Oui, c’est dur d’assister à une épreuve pareille. Les proches, interloqués par cette décision aux attentes insoutenables, cherchaient les mots et les précisions sur un verdict qu’ils n’ont pas bien compris. Ceux qui ont suivi de très près le feuilleton ont compris que certaines fautes peuvent être graves. Une dame, encore agent nous confiait ceci : « Je ne savais pas que prendre le carnet de quelqu’un pouvait amener un problème. J’ai l’habitude de le faire mais je pense que ça n’arrivera plus. Les gens aiment trop solliciter de l’aide, je pense que c’est ce qui a amené beaucoup ici. »
Une chose est claire.
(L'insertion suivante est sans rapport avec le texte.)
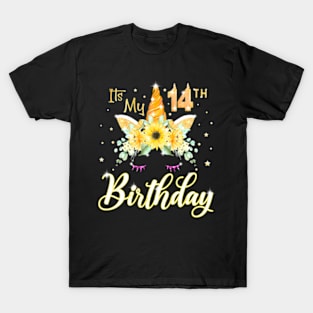 Unicorn Its My 14Th Birthday 14 Years Old Birthday T-Shirt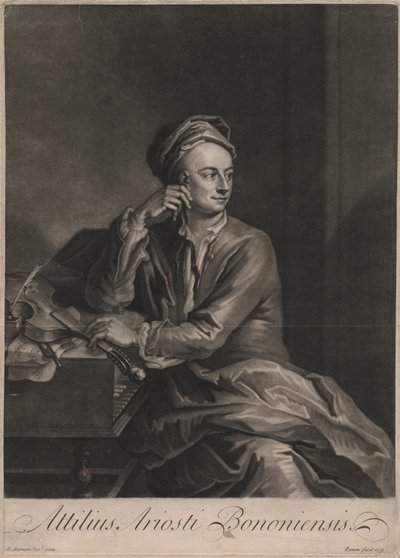 Attilus Ariosti Bononiensis, rytý John Simon (1675-1751), 1719 (mezzotinta) od Enoch Seeman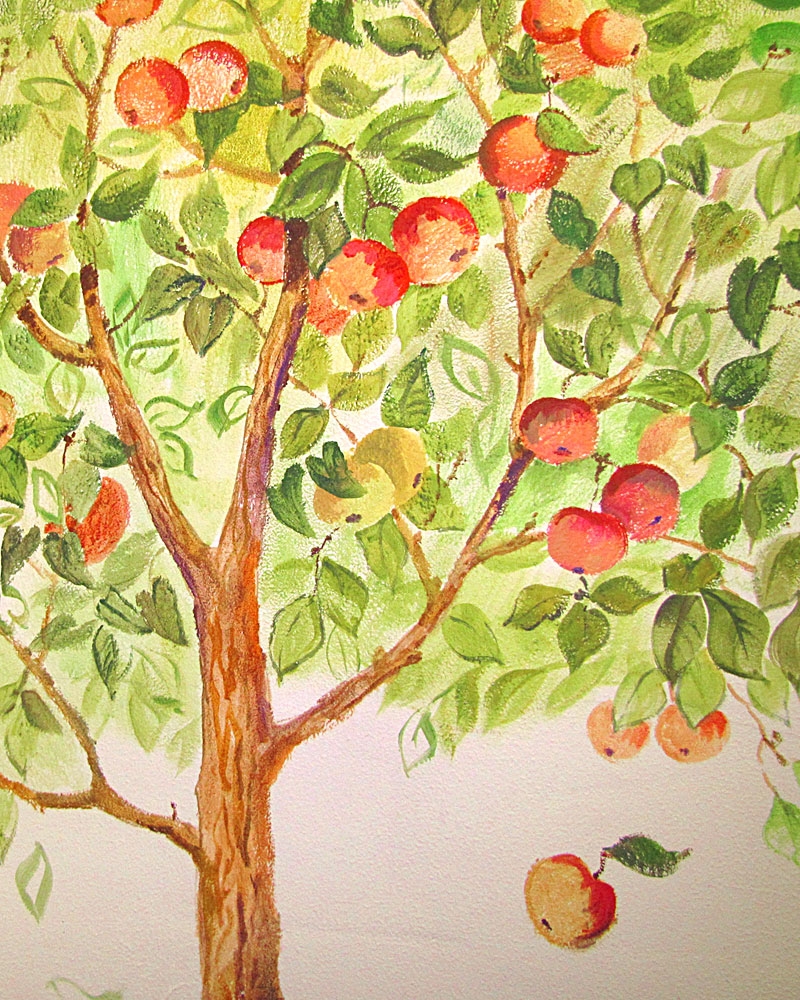 яблоня рисунок красками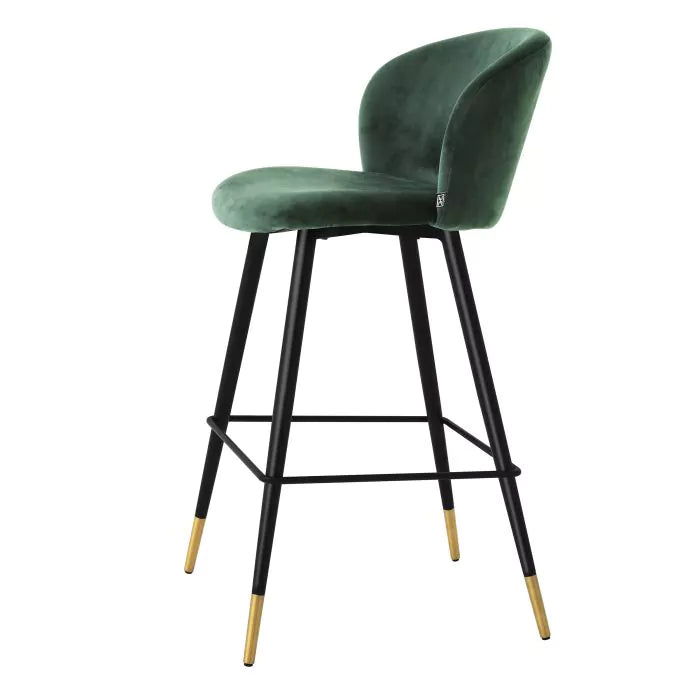 Scaun Stool Volante Roche Dark Green Velvet 115733, Eichholtz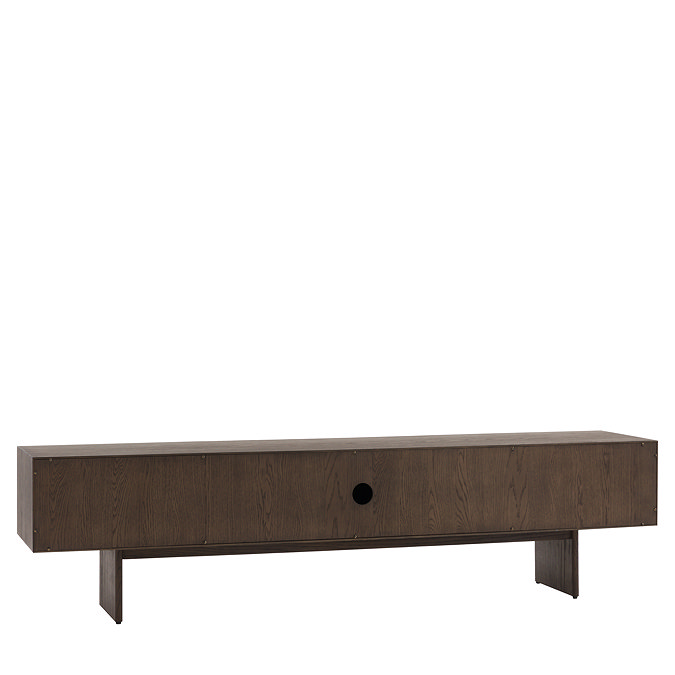 cut out image taken from the back of walnut coloured tv unit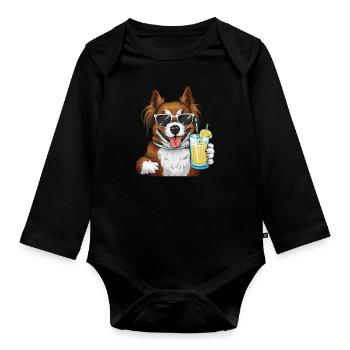 Löwchen mit Limonade - Baby Bio-Langarm-Body - Schwarz - Vorne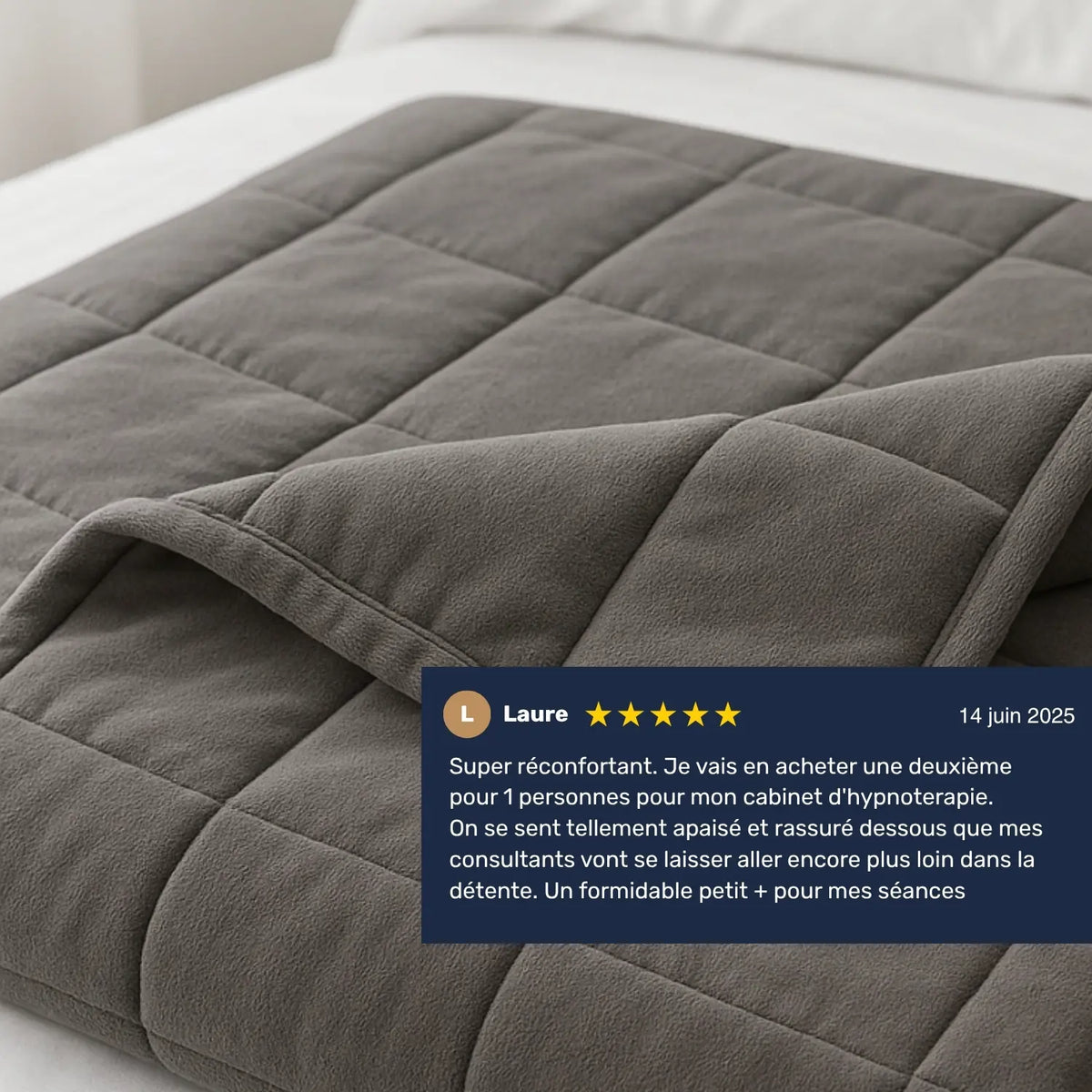 Couverture lestée de 9 kg grise double pliée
Le désordre et le manque de sérieux, qui entachent certaines responsabilités, vont être évités. Et dire que c’est une seule personne qui a eu l’intelligence, l’initiative et le courage de mettre à nu des pratiques illégales, il y a de quoi à s’en féliciter. Les avocats de la défense, loin d’être surpris par la décision du tribunal, se sont montrés abattus. Il y en avait de bons, mais le principal avocat de Mamadou Traoré était très moyen dans un dossier costaud que suivent la Présidence, les renseignements ou encore la Primature.
S’il y a appel contre cette décision du tribunal de la commune III, ce sera dans le délai prescrit devant la cour d’Appel. Pendant ce temps, un second dossier, plus explosif, impliquant d’autres têtes se prépare pour démêler le vrai du faux.